**** Records for this exercise

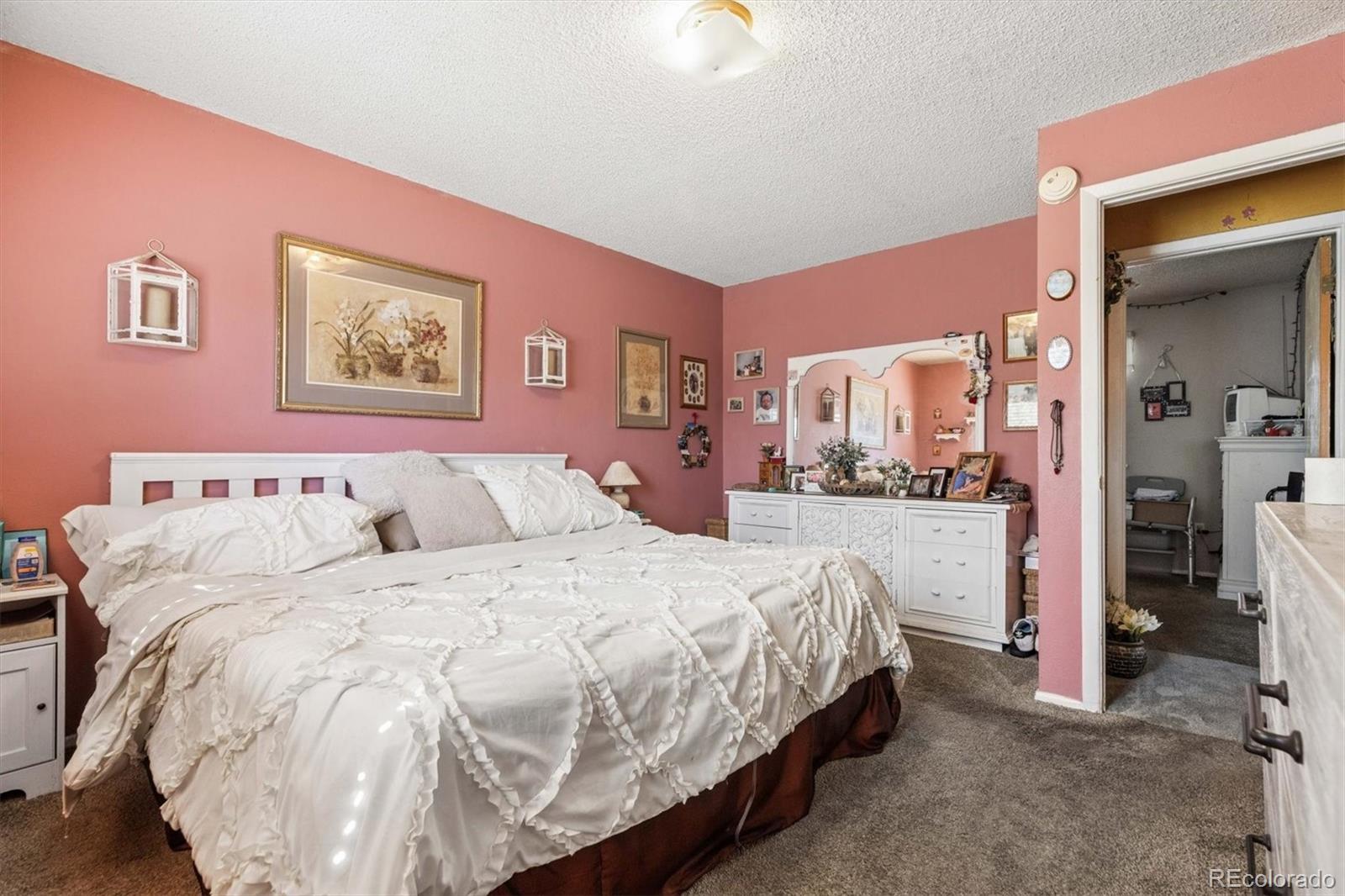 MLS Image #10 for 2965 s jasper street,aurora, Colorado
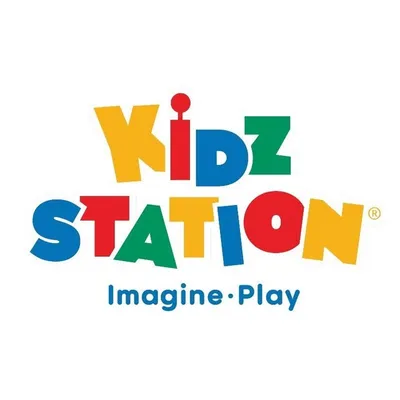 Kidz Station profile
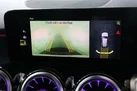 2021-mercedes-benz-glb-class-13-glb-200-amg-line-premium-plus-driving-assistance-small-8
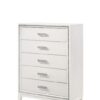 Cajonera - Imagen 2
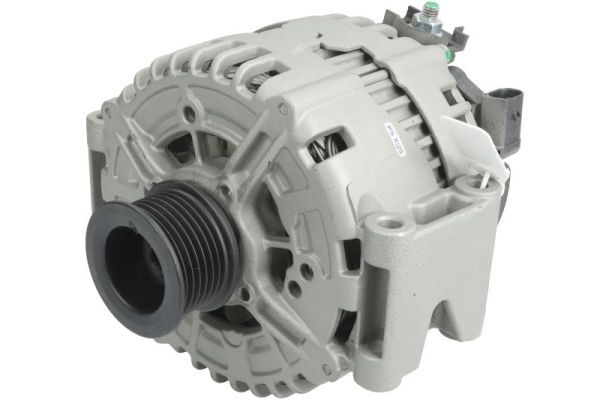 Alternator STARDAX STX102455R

********

Problem to work on: If an entry contains an image, skip the image and return the rest of the listing unchanged.

Task result:
 MLS Image #10 for 2965 s jasper street,aurora, Colorado
 Kidz Station profile
 2021-mercedes-benz-glb-class-13-glb-200-amg-line-premium-plus-driving-assistance-small-8
 Cajonera - Imagen 2
 Alternator STARDAX STX102455R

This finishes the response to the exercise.